§ **YOUR TASK**:
Omit all pictures, and print word for word only the lines from the one containing "adidas Women's Trovao 2 Sport Sandal" through the end of the data.

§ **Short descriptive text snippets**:
<<<<

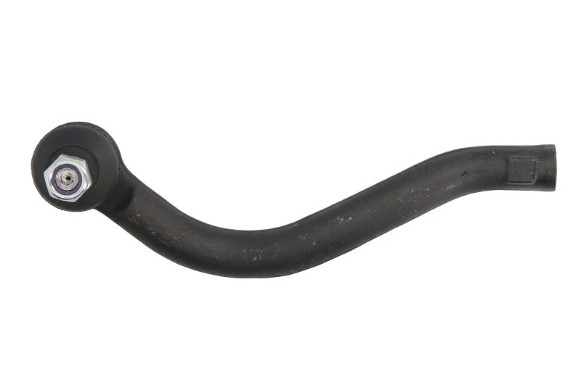 Наконечник кермової тяги лівий Форд Гелексі, Фольксваген Шаран (1.8-2.8) 1995-2010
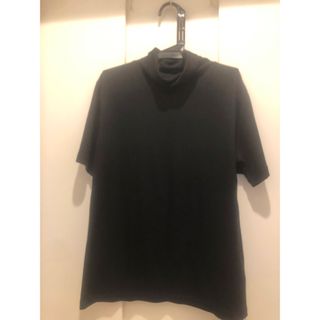 半袖　カットソー(Tシャツ/カットソー(半袖/袖なし))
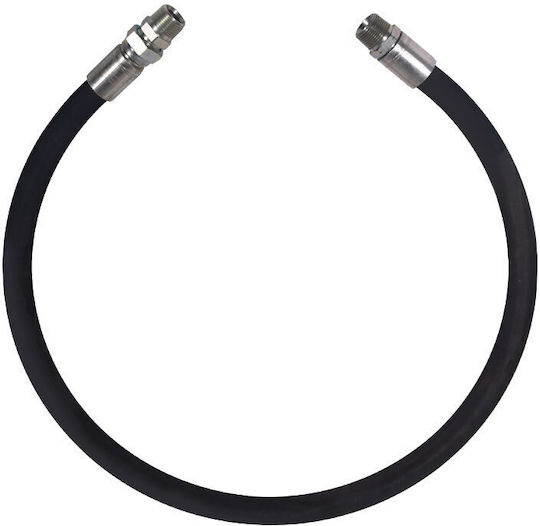 Furtun de Aer 1 1/4 R1 120cm R1f-R1f 25171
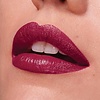 Maybelline Color Sensational Cream Lipstick - 400 Berry Go - Purple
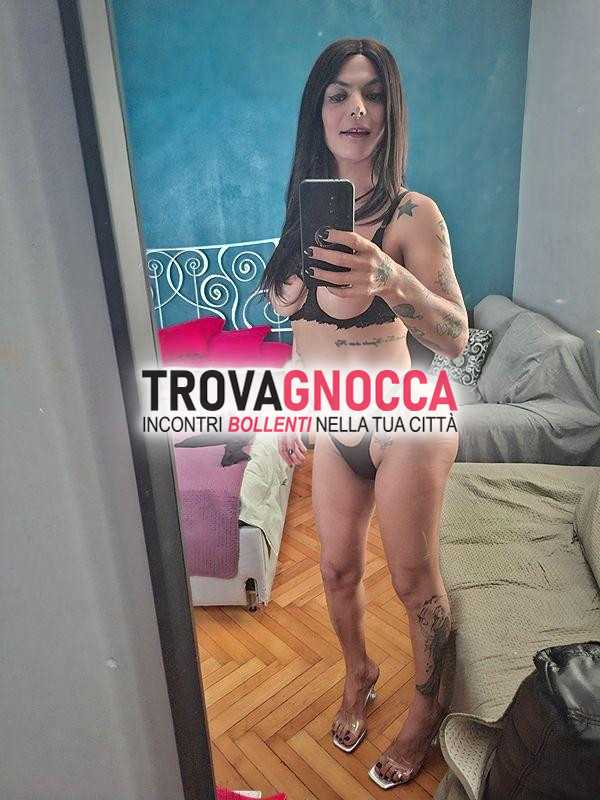 leona sofie trans giovane piÙ accaldata❤️‍🔥❤️‍🔥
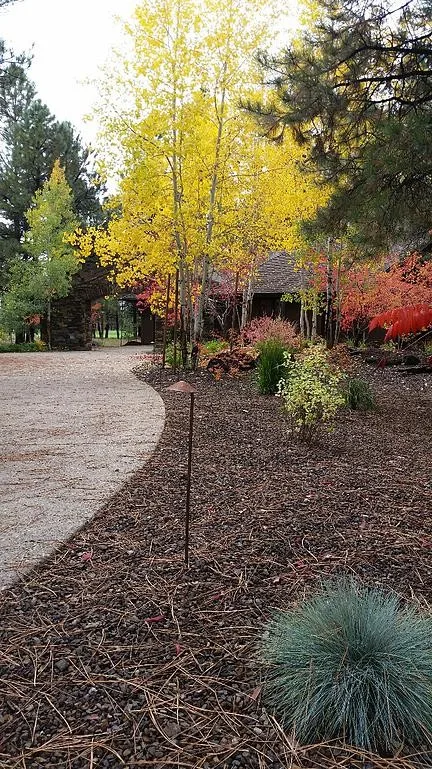 Housing Collection by Agassiz Landscape Group - Photo 19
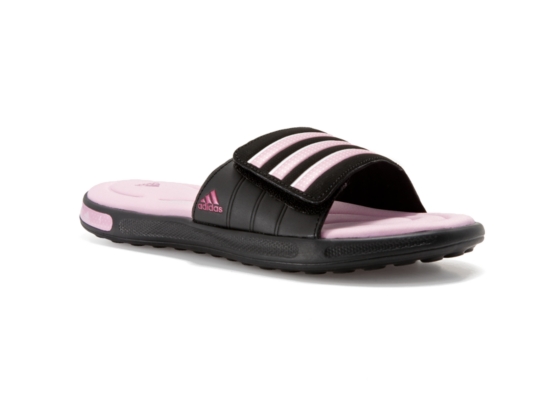adidas Women's Trovao 2 Sport Sandal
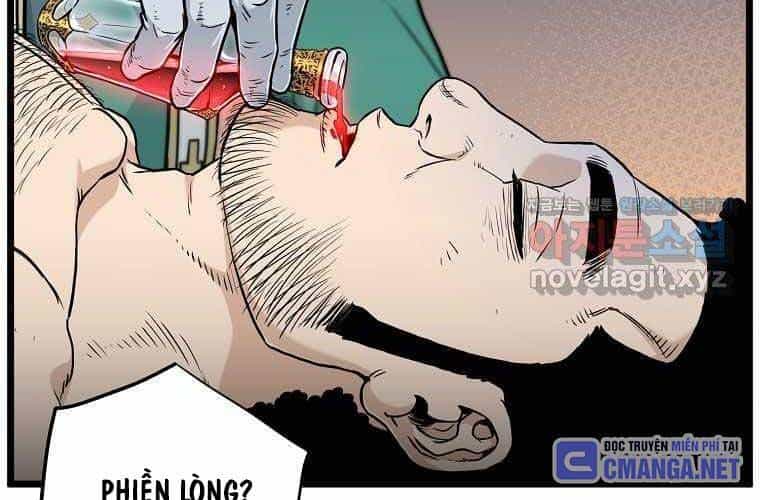 Đăng Nhập Murim - Chương 188 - ảnh 6
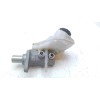 Recambio de bomba freno para land rover evoque dynamic referencia OEM IAM LR014430  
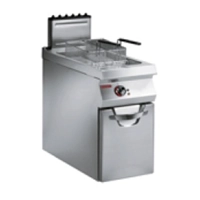 uae/images/productimages/paramount-trading-establishment/frying-machine/gas-fryer-single-well-091fr1g.webp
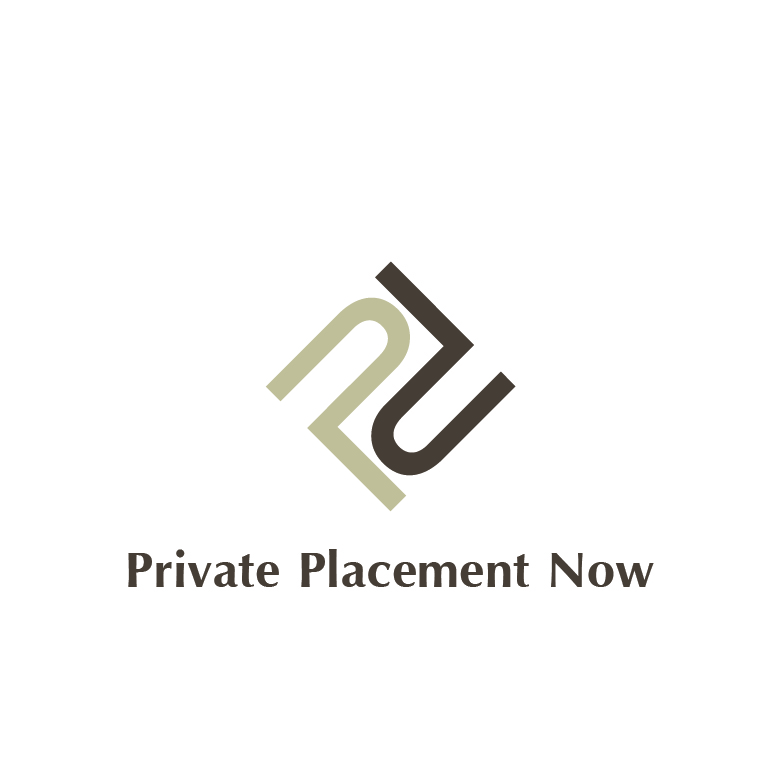 Logo Design by Design Possibilities for this project | Design #1217303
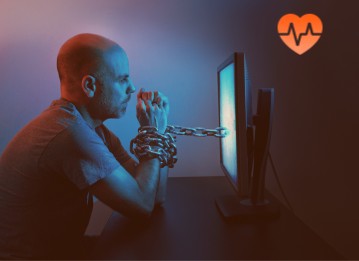 Лечение игромании в Кош-Агаче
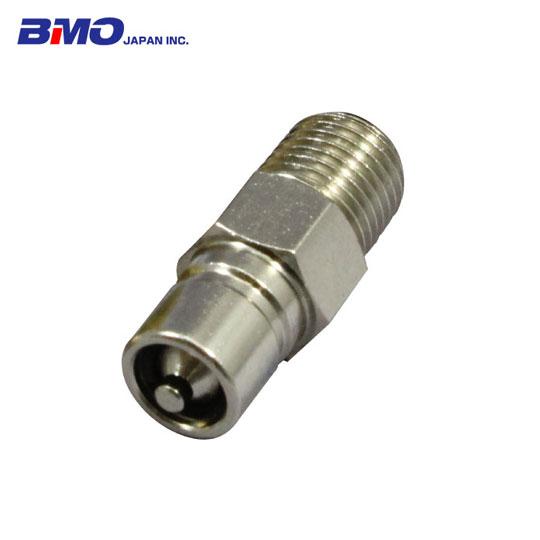 BMO JAPAN  （ビーエムオージャパン） コネクター　トーハツ 2st　C14509T　［取り...
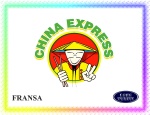 China Express.jpg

>>>>

§ **ANSWER TO THIS PROBLEM**:
adidas Women's Trovao 2 Sport Sandal
 Đăng Nhập Murim - Chương 188 - ảnh 6
 Recambio de bomba freno para land rover evoque dynamic referencia OEM IAM LR014430  
 uae/images/productimages/paramount-trading-establishment/frying-machine/gas-fryer-single-well-091fr1g.webp
 Logo Design by Design Possibilities for this project | Design #1217303
 Лечение игромании в Кош-Агаче
 BMO JAPAN  （ビーエムオージャパン） コネクター　トーハツ 2st　C14509T　［取り...
 China Express.jpg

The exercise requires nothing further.